Getting back to the book, it was noticeable how much there was to see in Ireland. I had a sneaky, niggling feeling that we had not really left ourselves enough time in which to do it justice. I had to be really strict and choose two or three things to do each day, knowing that we had to be in Armagh on the Friday for the wedding. Timing and planning were going to be crucial. Little did I know that Steve had other ideas, which I should have guessed having known him for three years.
“Right,” I said excitedly, “I have got a list drawn up of where we can go.”
“Really,” was the reply as he continued working on his computer. This was not the anticipated response but I was not going to be deterred. I had hoped for a high level of enthusiasm, with all tasks being dropped so that he could give his opinion on the list I had painstakingly compiled.
Shuffling in closer to where he was sitting, the list was dutifully placed in direct line with his keyboard:
Day one – arrive at airport (Thursday)
Day two – Wicklow mountains & Powerscourt House waterfall
Day three – Cork city centre & cork jail, & Blarney castle
Day four – Ring of Kerry
Day five – Kilarney park and Inch
Day six – Dingle and Dingle peninsula
Day seven – Aran Islands
Day eight – Causeway and rope bridge
Day nine – wedding
Day ten – Newgrange
Day eleven – Dublin
Day twelve – travel back to England.
“So what do you reckon then?” I said once had no option but to look at it.

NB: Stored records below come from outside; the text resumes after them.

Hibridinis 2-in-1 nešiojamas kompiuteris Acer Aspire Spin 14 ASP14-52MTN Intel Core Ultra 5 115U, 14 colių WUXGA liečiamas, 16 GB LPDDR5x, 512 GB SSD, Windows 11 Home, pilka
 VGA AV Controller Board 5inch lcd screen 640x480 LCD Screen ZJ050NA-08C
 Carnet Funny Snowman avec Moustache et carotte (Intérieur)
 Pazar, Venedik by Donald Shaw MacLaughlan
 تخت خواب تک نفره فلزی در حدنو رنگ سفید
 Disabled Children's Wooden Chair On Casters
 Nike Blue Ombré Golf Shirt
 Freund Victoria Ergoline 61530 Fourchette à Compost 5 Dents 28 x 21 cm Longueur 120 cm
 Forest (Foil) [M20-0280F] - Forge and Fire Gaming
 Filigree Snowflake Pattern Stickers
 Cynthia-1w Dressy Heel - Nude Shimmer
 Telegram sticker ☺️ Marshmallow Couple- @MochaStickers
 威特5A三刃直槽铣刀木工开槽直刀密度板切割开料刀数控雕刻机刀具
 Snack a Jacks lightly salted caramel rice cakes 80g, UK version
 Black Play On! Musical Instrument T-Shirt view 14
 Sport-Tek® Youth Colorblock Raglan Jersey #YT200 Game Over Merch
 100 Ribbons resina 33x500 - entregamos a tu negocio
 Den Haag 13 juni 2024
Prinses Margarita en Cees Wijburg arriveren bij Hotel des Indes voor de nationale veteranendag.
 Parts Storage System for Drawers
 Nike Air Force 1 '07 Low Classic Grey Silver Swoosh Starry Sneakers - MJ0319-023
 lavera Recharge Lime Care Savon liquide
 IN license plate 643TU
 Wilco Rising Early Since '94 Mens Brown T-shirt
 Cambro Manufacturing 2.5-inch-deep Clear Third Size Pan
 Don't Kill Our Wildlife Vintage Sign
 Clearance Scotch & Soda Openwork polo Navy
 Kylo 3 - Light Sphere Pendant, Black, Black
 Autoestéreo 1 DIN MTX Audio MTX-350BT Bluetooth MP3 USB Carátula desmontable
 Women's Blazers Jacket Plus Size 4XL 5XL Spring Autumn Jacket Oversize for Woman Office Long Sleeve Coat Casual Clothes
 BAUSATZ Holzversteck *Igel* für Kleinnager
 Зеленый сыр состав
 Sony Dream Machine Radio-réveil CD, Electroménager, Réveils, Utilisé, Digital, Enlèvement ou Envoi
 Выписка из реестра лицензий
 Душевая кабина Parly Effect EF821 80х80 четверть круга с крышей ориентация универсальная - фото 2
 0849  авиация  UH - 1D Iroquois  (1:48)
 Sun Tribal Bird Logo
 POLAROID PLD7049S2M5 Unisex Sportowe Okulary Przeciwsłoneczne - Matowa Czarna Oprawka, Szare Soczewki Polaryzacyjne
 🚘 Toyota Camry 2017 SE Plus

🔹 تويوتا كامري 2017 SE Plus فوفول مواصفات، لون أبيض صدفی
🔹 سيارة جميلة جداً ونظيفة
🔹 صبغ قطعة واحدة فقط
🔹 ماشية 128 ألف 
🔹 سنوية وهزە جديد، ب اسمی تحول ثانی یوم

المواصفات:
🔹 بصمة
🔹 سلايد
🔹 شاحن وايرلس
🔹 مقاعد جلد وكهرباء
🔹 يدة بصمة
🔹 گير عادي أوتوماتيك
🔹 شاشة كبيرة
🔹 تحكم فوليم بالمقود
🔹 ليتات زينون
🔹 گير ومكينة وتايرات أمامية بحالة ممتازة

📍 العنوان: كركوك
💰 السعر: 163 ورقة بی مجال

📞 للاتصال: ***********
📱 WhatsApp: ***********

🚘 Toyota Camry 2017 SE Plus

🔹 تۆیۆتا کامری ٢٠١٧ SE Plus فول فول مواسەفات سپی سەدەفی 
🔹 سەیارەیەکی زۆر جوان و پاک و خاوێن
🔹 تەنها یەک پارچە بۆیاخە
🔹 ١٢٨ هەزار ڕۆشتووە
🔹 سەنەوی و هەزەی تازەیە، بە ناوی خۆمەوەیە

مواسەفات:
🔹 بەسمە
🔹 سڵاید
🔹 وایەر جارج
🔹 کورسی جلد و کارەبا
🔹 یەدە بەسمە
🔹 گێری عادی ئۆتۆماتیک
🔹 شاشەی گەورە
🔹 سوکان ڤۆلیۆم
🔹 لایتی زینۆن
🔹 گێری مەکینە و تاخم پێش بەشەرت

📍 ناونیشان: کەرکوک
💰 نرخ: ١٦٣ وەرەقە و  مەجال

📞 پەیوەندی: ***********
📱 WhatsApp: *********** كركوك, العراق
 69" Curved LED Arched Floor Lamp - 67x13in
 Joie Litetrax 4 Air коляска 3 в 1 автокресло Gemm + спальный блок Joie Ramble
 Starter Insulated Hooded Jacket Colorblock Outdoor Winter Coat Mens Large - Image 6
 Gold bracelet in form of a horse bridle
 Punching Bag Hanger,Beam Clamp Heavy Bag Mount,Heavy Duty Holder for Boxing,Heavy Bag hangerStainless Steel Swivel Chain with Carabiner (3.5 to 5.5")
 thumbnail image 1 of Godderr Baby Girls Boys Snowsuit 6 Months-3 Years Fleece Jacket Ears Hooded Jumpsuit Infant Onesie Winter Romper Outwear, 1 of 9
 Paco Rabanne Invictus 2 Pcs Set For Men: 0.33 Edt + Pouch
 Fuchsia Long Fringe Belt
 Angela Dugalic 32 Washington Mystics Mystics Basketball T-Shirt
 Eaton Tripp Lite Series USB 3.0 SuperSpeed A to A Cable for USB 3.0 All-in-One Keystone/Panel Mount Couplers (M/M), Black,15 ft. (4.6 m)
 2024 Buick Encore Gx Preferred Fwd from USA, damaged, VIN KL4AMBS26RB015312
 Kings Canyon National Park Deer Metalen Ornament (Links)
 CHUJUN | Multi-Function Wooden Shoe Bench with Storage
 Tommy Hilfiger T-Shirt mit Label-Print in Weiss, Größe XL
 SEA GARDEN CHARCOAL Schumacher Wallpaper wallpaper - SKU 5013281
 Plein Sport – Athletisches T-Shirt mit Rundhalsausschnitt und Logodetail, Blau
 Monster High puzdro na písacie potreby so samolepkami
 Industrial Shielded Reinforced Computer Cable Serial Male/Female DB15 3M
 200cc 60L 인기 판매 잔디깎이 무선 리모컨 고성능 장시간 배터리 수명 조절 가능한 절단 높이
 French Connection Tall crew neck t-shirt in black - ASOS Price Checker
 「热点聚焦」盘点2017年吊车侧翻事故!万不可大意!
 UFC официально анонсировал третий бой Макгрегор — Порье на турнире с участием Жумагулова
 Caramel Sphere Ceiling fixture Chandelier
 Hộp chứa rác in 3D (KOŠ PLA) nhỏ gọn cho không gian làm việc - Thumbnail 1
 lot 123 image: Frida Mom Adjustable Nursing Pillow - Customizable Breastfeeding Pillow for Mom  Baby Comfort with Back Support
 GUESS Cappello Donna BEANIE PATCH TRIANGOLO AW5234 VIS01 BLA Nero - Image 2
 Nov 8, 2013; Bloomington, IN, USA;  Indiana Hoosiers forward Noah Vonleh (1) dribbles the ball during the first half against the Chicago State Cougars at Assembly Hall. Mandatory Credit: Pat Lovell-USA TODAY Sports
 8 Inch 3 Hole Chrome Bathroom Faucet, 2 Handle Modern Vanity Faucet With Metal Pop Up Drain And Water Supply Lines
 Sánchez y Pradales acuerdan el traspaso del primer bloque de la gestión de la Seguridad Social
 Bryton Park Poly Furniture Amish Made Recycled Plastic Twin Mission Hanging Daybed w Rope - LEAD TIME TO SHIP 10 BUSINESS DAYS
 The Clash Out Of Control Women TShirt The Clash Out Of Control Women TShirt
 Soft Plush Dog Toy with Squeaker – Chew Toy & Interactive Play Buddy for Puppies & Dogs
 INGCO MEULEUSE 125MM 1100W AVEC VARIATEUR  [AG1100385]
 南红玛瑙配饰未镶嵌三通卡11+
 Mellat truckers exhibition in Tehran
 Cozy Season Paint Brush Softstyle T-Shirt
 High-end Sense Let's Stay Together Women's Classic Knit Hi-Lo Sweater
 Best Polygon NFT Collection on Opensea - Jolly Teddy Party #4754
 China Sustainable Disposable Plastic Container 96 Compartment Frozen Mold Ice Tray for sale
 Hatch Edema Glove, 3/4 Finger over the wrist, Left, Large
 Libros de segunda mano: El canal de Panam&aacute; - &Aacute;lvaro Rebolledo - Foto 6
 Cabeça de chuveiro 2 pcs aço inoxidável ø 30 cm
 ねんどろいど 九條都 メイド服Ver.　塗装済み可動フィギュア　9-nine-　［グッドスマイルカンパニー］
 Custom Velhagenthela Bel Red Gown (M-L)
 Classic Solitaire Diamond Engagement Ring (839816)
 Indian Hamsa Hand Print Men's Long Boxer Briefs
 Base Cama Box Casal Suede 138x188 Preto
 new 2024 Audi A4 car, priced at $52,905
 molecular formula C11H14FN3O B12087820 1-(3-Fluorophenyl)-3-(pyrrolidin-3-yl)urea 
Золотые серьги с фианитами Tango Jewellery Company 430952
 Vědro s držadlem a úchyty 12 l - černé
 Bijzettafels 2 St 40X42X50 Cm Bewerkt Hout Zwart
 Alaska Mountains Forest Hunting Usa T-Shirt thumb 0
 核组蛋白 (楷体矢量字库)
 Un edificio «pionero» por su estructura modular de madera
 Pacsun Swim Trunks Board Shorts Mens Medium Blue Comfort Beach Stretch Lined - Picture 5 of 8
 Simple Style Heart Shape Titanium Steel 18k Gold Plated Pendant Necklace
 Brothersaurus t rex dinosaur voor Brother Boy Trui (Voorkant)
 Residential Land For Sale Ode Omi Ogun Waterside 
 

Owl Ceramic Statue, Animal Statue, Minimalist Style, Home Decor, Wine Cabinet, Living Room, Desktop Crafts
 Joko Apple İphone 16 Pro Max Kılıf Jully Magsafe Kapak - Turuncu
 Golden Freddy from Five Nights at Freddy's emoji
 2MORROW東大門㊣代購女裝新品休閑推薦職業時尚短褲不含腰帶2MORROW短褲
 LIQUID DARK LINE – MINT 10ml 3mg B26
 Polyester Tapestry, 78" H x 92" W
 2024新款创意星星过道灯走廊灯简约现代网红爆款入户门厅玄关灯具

“I thought we were going to just drive around and see where we were each day?”
“We are, but we need to know what is on the route though and where it will be good to visit.”
“Yes… but this is a plan. We can play it by ear can’t we?”
My enthusiasm deflated even more at this stage. Instead of being totally enthused by my ideas he was just shrugging his shoulders.
“Well, can you have a look through the books, and let me know if there is anywhere you want to visit?” I suggested, more with hope than anything else.
“I am not bothered Dee. As long as Newgrange is on there, which Alfie recommended, and the Causeway, I am pretty easy as to where we go. Don’t lose sight of the fact that the wedding is the most important thing here.”
There spoke the voice of reason. The wedding was important, and I was in danger of losing sight of that fact. It was going to be the chance to meet up with members of my family we usually only see on rare occasions. We had to dedicate at least a day to this process, and no matter what I thought now, it was the most important day of the holiday.
“Let’s have a look at the list though,” he sighed, knowing there would be no peace until he had least glanced at it.
I gave him a few minutes, occasionally peering over his shoulder to show that I was waiting with keen anticipation for his opinion. I thought I had put together a pretty impressive itinerary.
“So, what do you reckon?” I asked when he eventually made the mistake of looking up from the scrap of paper I had forced him to consider.
“So what you are saying is, we have a shortish journey to Wicklow, followed by a longer journey to Cork.”
I checked the map, wondering where he was going with this tact.
“Yep, that’s about right.”
“And then, we go to Kerry with some other stops after that up until the Aran Islands. And then you want me to do a huge journey to the Causeway, which is going to be one day before the wedding? Have you seen how far that is Dee?”
I sensed the disbelief in his voice, so once again checked the map, only to find he really did have a point. Re-calculating, I guessed that the drive would take approximately 6 hours, assuming there were no hold ups along the way. Even that was going to be pushing things a wee bit too far. I had to admit defeat here, because it was no apparent I was asking way too much of him, knowing that he would end up doing most of the driving. At the time though, it really did look possible. Once again, I had not taken into account the fact that Ireland is actually quite a large country. And you have to add the fact that the roads are sometimes…. well… rather rural. They don’t really believe in resurfacing until a whole lorry has been swallowed up, and the driver reported missing. Therefore, in deference to any car you drive, the speeds are normally reduced in comparison to what we are used to.
“So what do you suggest?”
“As I said, we play it by ear.”
“Aren’t you going to look at the books to see what is available then?”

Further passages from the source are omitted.